- **YOUR INSTRUCTIONS**
Images should not appear in the copy, yet every line of the listing below must be printed exactly.

- **STORED DATA**
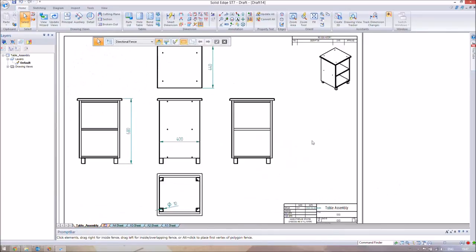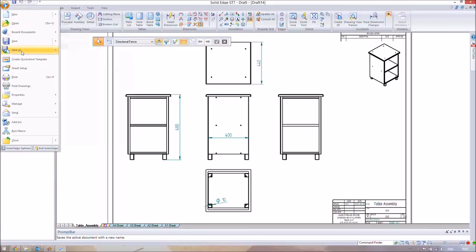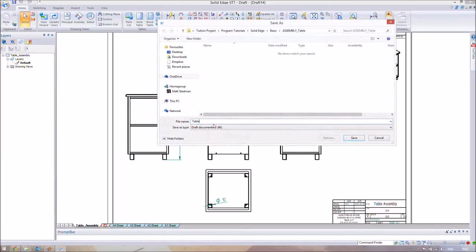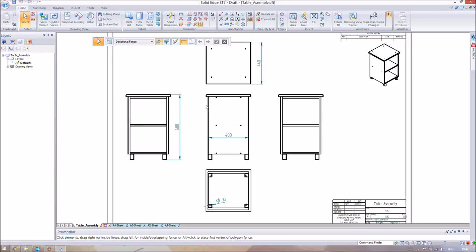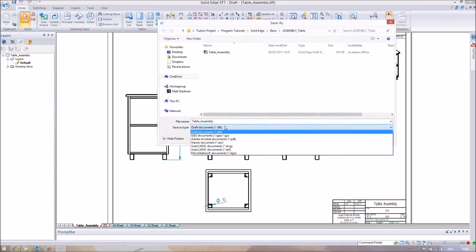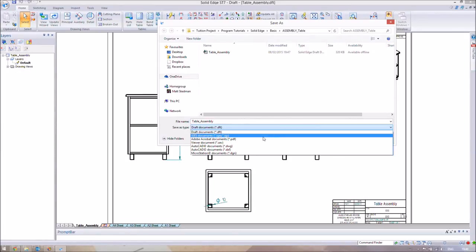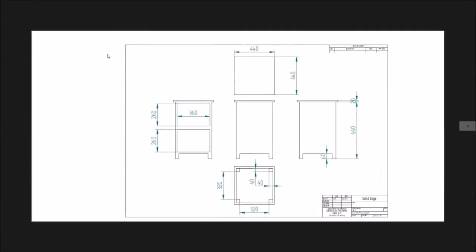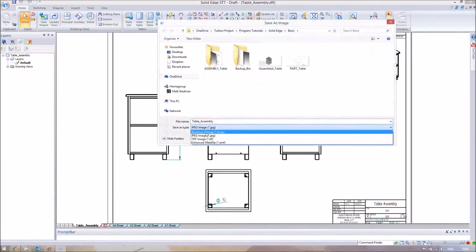Going back to our table assembly, those are the general dimensions. You can add your own dimensions as well. We're going to save this file as 'table_assembly' — it saves as a .DFT draft file, which allows you to send it to others with Solid Edge or compatible software like AutoCAD or SolidWorks. You can also save it as a PDF to send to people who don't have Solid Edge, or export the views as a JPEG image.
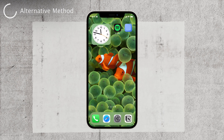Remember, the ability to manage your home screen pages is not just a nifty trick — it's a way to keep things organized and easy to navigate. Feel free to check or uncheck any pages in that overview to make them appear or disappear as needed.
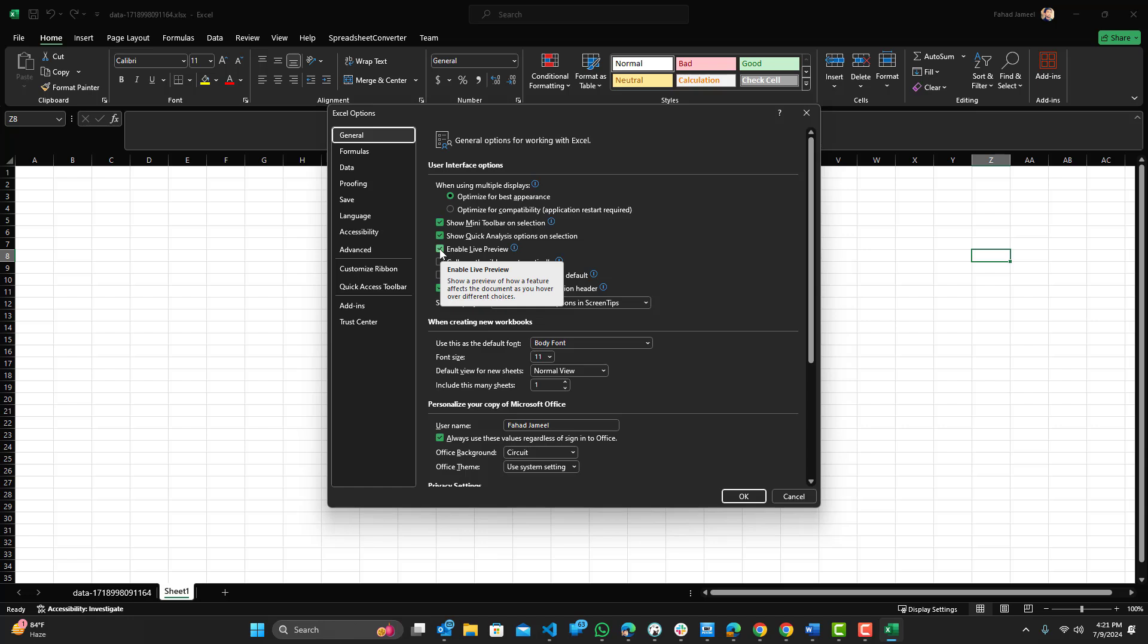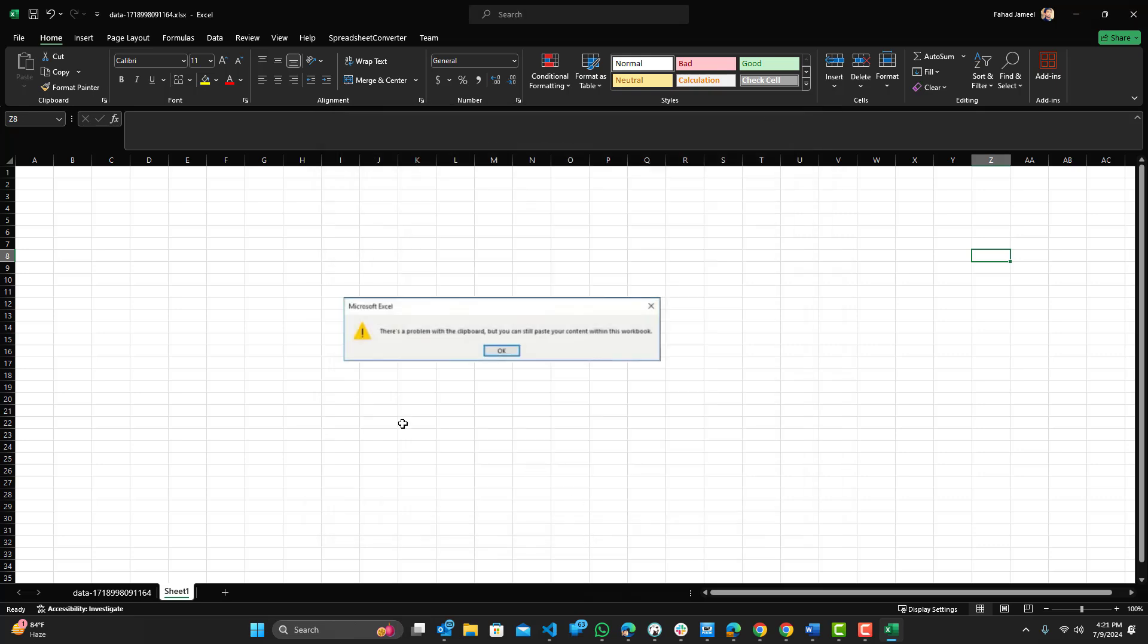So you can turn that off and press OK, and this issue shouldn't be coming up anymore. You should be able to paste anything you want without having this error show up.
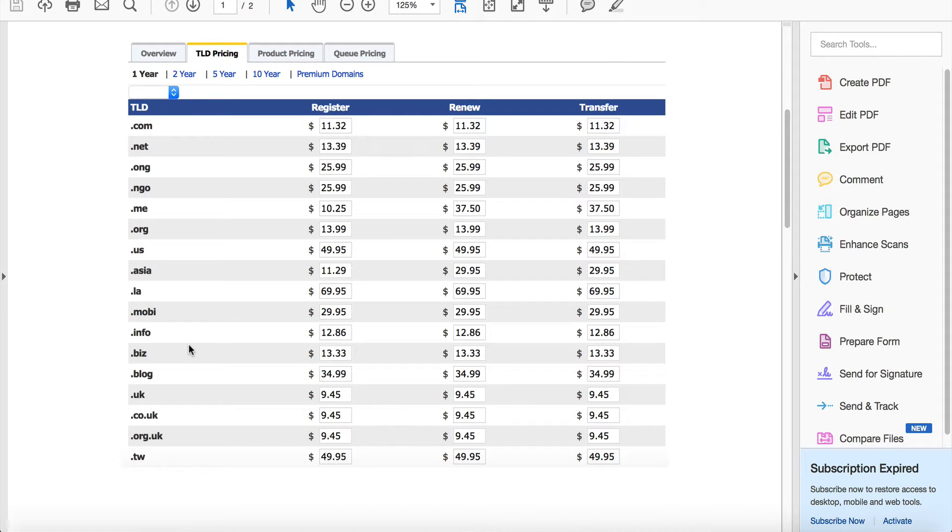Most of your customers from our experience running NameHero are going to want the .com, .net or .org. That's going to cover probably 95% to 98% of your customers.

- **SOLUTION**
Going back to our table assembly, those are the general dimensions. You can add your own dimensions as well. We're going to save this file as 'table_assembly' — it saves as a .DFT draft file, which allows you to send it to others with Solid Edge or compatible software like AutoCAD or SolidWorks. You can also save it as a PDF to send to people who don't have Solid Edge, or export the views as a JPEG image.
Remember, the ability to manage your home screen pages is not just a nifty trick — it's a way to keep things organized and easy to navigate. Feel free to check or uncheck any pages in that overview to make them appear or disappear as needed.
So you can turn that off and press OK, and this issue shouldn't be coming up anymore. You should be able to paste anything you want without having this error show up.
Most of your customers from our experience running NameHero are going to want the .com, .net or .org. That's going to cover probably 95% to 98% of your customers.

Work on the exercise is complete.